President Jair Bolsonaro called the widespread destruction "like scenes of war" after his helicopter flyover, and Pope Francis sent a message of condolences to the community.

Over 500 firefighters with helicopters, excavation machinery and sniffer dogs — helped by hundreds of volunteers — are searching for survivors.
Over 500 firefighters with helicopters, excavation machinery and sniffer dogs — helped by hundreds of volunteers — are searching for survivors. (AFP)

A desperate search has been underway for people buried by a deluge of mud that swept through the Brazilian city of Petropolis.

A total of 136 bodies have been retrieved to date, according to civil defence officials, in the normally scenic tourist town some 60 kilometres (37 miles) north of Rio de Janeiro.

"We saw enormous destruction, like scenes of war," President Jair Bolsonaro told reporters after his helicopter flyover on Friday.

He had headed straight for Petropolis on his return to Brazil after an official visit to Russia and Hungary.

More than 500 firefighters with helicopters, excavation machinery and sniffer dogs are continuing the search, even as hopes dwindle of finding survivors after three days.

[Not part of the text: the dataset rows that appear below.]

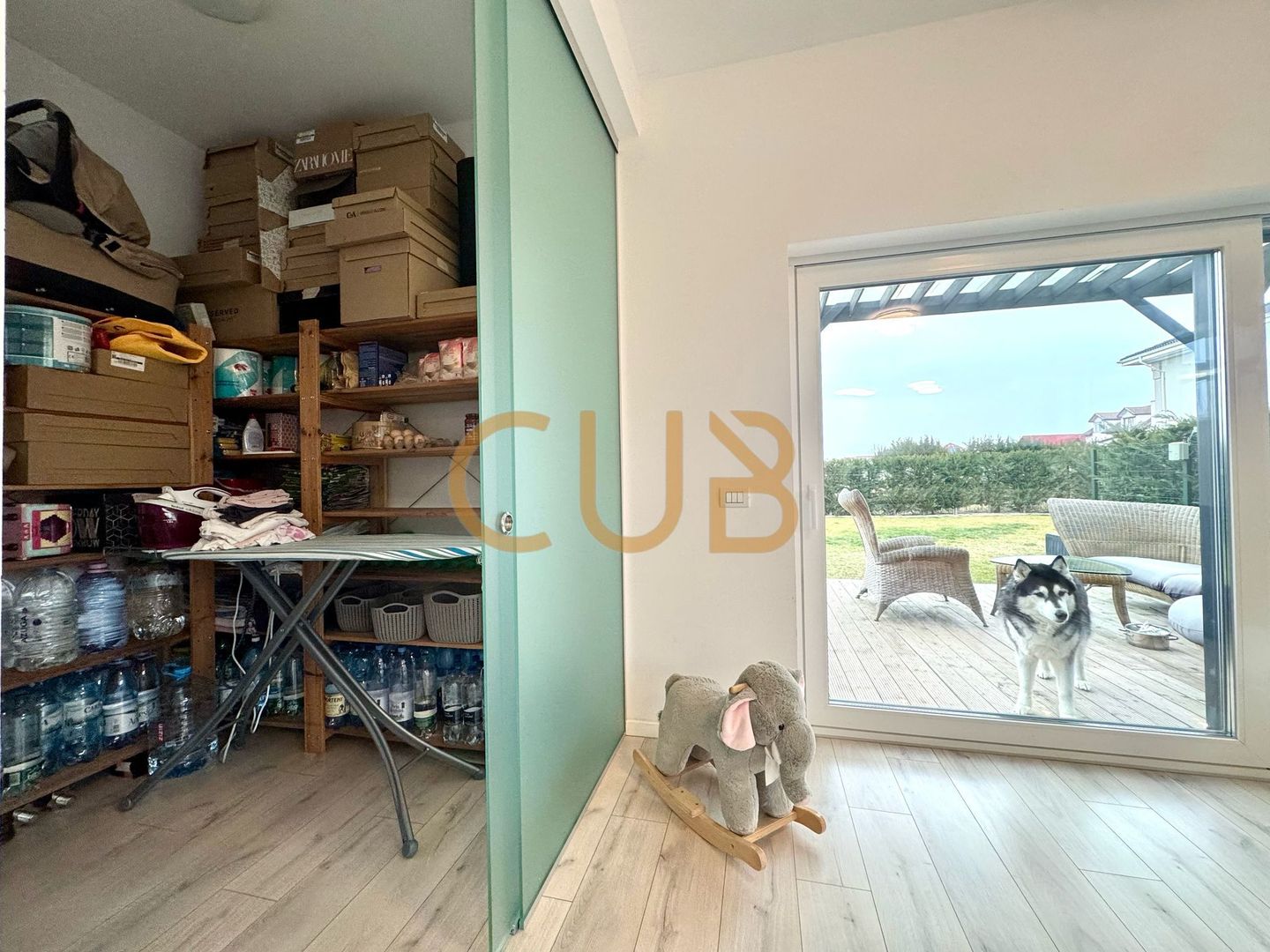 Duplex premium Dumbravita|5camere, 3bai, carport| Eficienta energetica - Poză 10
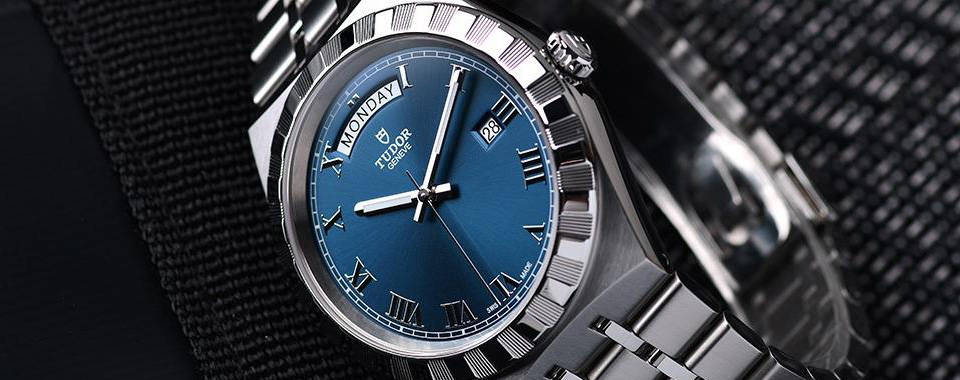 青岛帝舵手表维修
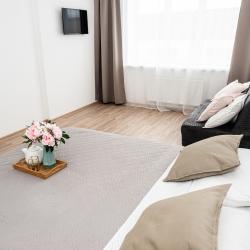 1-комнатные апартаменты стандарт №1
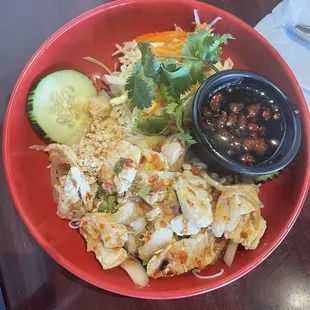 V2. Lemongrass Delight (Chicken)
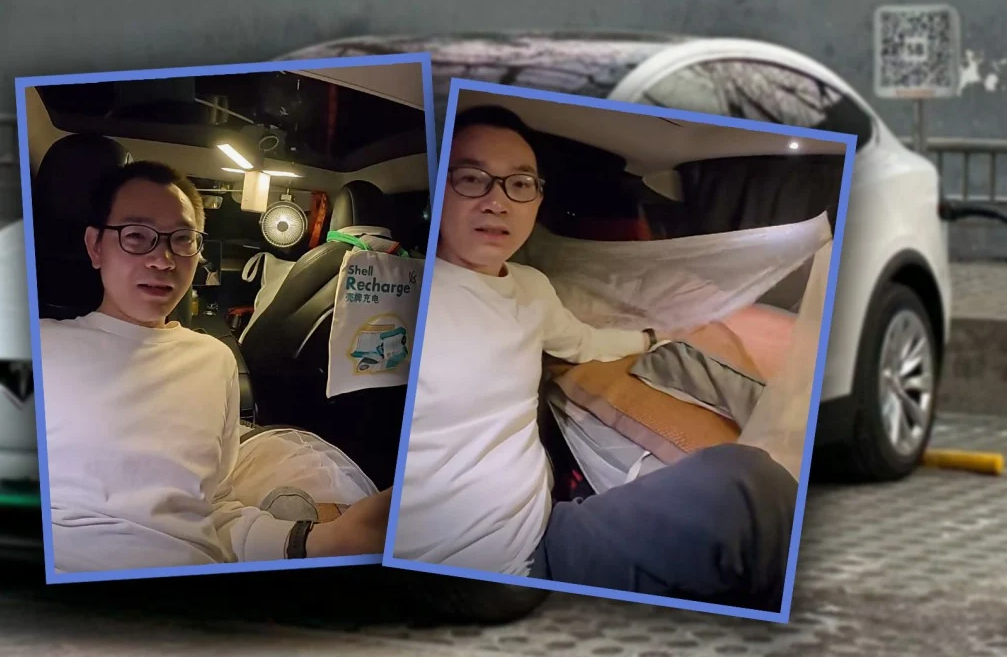 Это он, очень с виду приличный чистенький дяденька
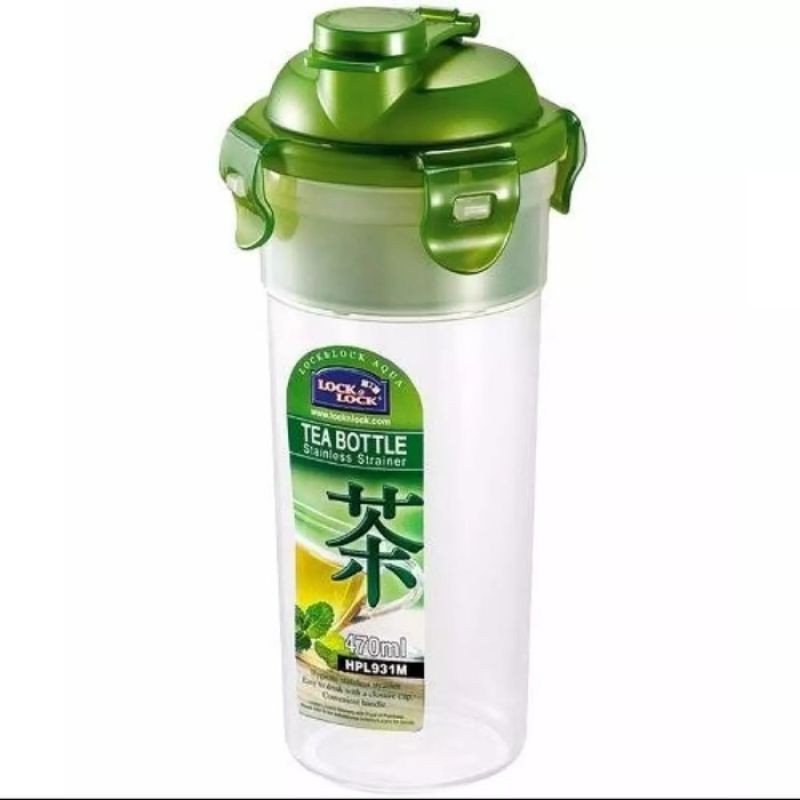 Botol Minum Lock &amp; Lock One Touch Bottle Mixer 690ml / Shaker / Tea bottle / HPL938 HPL931M HPL931H HPL934N ABF934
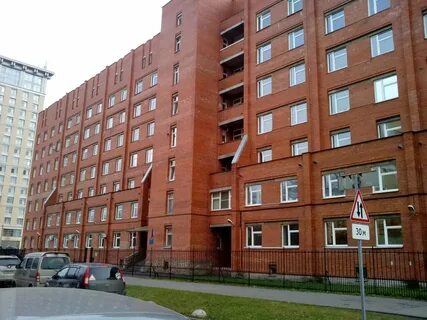 Большой просп васильевского острова 85к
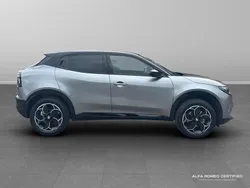 Grey New 2025 Alfa Romeo Junior SUV | £26,495 (Good price)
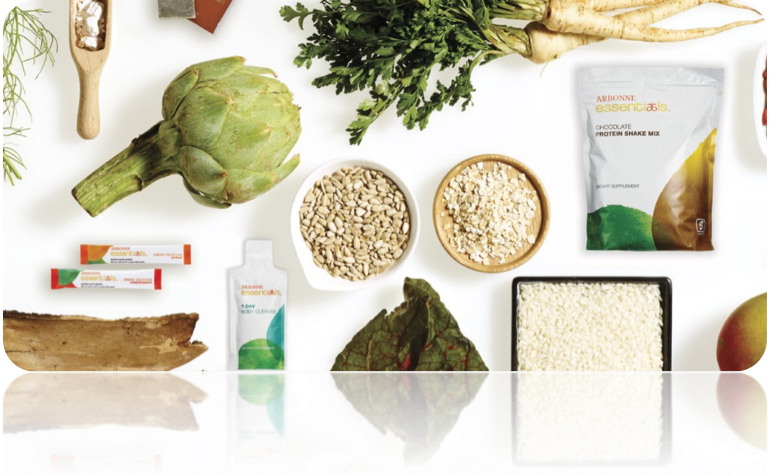 This Is What You'll Learn About Arbonne's Secrets For - Arbonne 30 Days To Healthy Living Guide (770x476), Png Download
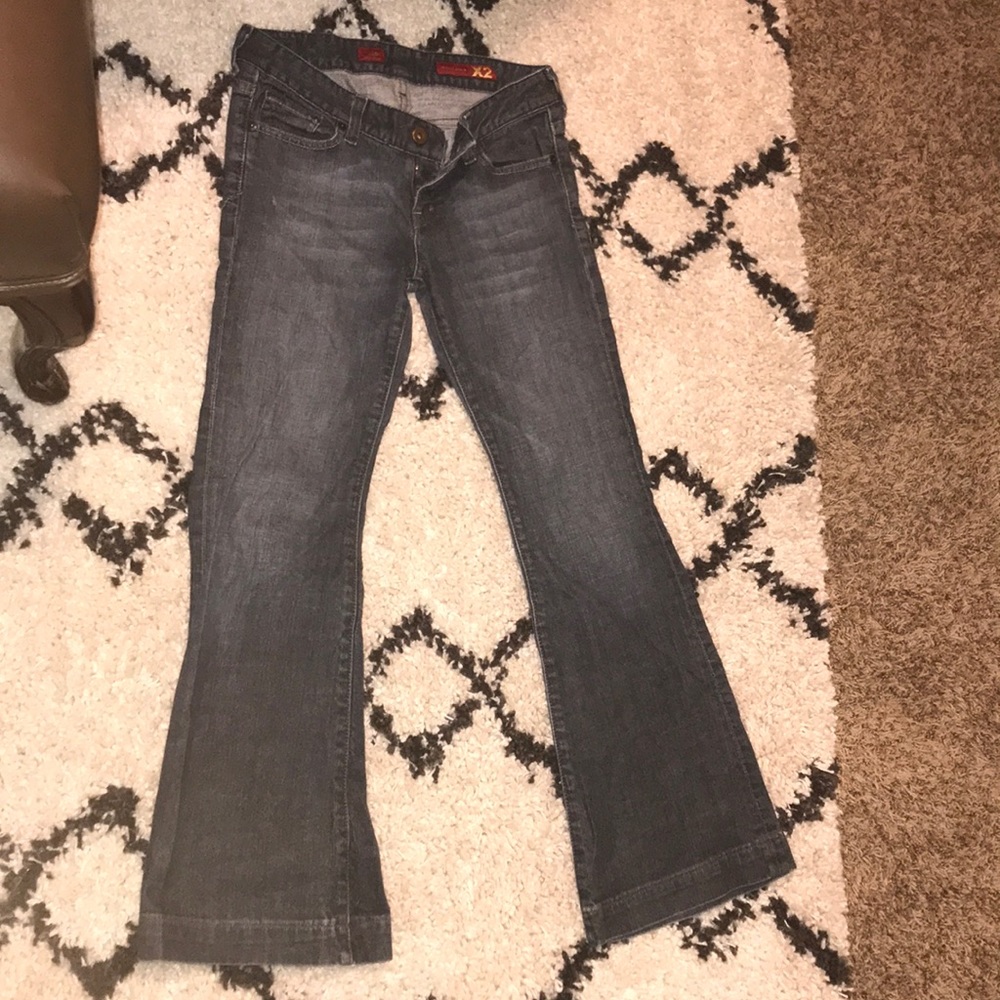 Bootcut Jeans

Officials said late on Friday that 218 people were still missing, some of whom are likely to be among the 57 bodies that are still unidentified.

READ MORE: Brazil mudslide death toll climbs to 110, 134 missing

Homes swept away

Bolsonaro said people had the right to criticise, but "we cannot predict everything that will happen in 8.5 million square kilometres" (3.3 million square miles)  —  the surface area of Brazil.

"This is not the first time a tragedy has happened here," said the president, adding that "we will do our part".

Petropolis and the surrounding region were previously hit by severe storms in January 2011, when more than 900 people died in flooding and landslides.

On Tuesday, the streets of the city were turned into torrential rivers of mud that swept away homes, cars and trees following the heaviest rains to hit the region since 1932.

The alarm bells rang once again on Friday morning in areas at high risk of landslides in the city of 300,000 people.

"There is a risk of landslides...be careful, move to a safe place," came the message over loudhailers amid renewed heavy rain in the early morning, which later subsided.

Pope Francis sent a message of condolences on Friday, and assured the community in a statement from the Vatican of his "participation in the grief of all those who are bereaved or who have been deprived of their possessions."

Tuesday's was the latest in a series of deadly storms — which experts say are made worse by climate change — to hit Brazil in the past three months.